Published literature indicates that flexible learning can be used in lecture courses to improve students’ performance on assessments and to bolster their self-confidence. Investigators hypothesized that this premise would also hold true in the skills laboratory environment. When data were analyzed, investigators were surprised that those who took advantage of flexible learning opportunities through online videos seemed to have no significant advantage in measures of performance or self-confidence over those who did not.

Although great care was taken to plan and design the study, investigators realized during data analysis that the number of times a video link was clicked as well as the duration of the view captured from the statistics tracking features in the D2L research course were not accurate. This has important implications and should serve as a warning for faculty members who use statistics from D2L to evaluate student engagement and performance in an online course.

Mean scores for grader 1 were significantly higher and the standard deviation was much smaller for grader 1 than for grader 2. Grader 1, a pharmacist, had previous experience using the grading rubric and assessing compounding, whereas grader 2 was not a pharmacist and did not have such experience. As mentioned previously, the coordinator attempted to overcome these differences in experience through multiple exercises where both assessors graded mock compounding exercises and scores were compared. Although statisticians controlled for the differences that emerged during data analyses, these differences prompted questions. Researchers could not determine whether students assessed by grader 2 were truly poorer performers than those assessed by grader 1. Researchers could only speculate about whether similar results would have been observed if both assessors had been pharmacists or nonpharmacists.
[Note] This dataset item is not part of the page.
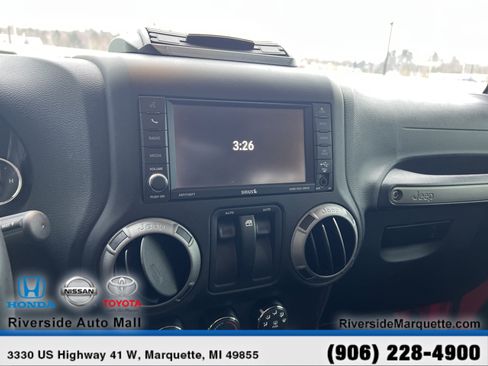 Used 2017 Jeep Wrangler Freedom Edition image 17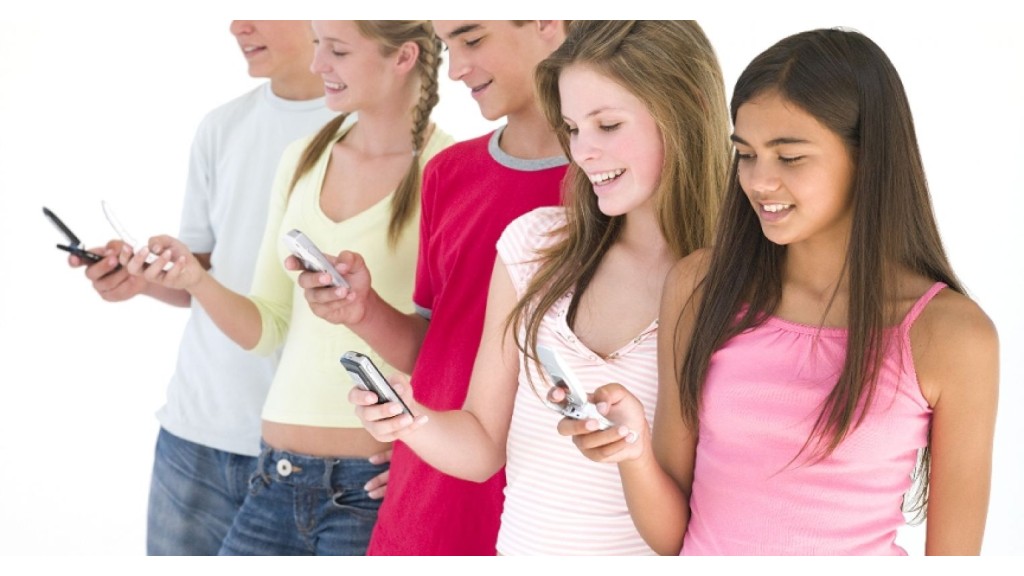 Mobiltelefonozó fiatalság - áldás vagy átok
Faculty assessors also differed with their approach to assessment. Grader 1 observed student pairs from approximately 3-5 feet away, while grader 2 stood between student pairs as they compounded. A 1977 study by Geen and Gange revealed the presence of an audience is associated with poor performance on difficult tasks relative to the performance on the same tasks performed in isolation.²¹ In 1968 and 1972, Cottrell further argued that audience elicited evaluation apprehension in the subject, which effected performance.^22,23

Access to flexible learning through videos may not have significantly improved scores because they were already commendable (average 86%). Moreover, the experiment may not have been sufficiently powered to detect significant differences between the final scores of viewers versus nonviewers on final assessment scores. Published literature supports beneficial effects of flexible learning on student self-confidence, but this effect was not observed in this experiment. This group of P1 pharmacy students was homogeneous with respect to previous training and experiences. Researchers were pleased to see that self-confidence scores improved significantly from baseline for all statements. Only 66 (46%) of the students clicked the video link to learn about the pharmacist final check, and this was purposefully not taught during this laboratory. Rather, this video was included to see if students might access it more or less often than the other content. Researchers were unable to determine if the improved scores were a result of inflated student self-confidence or the availability of flexible learning opportunities.

SUMMARY

Aseptic compounding is one of the more anxiety-provoking and difficult skills for P1 pharmacy students to master because most have limited previous experience. Proper skills are modeled for students during the first semester of the P1 year at the University of Georgia, and all students have the opportunity to compound 4 intravenous preparations. Laboratory activities are sufficient practice for most students to perform well on a final assessment. Although short videos that review concepts can provide flexible learning opportunities for students, participants in this study did not take advantage of the opportunities. Those who reviewed videos had no significant advantage in final assessment or self-confidence scores over their classmates who did not view the videos.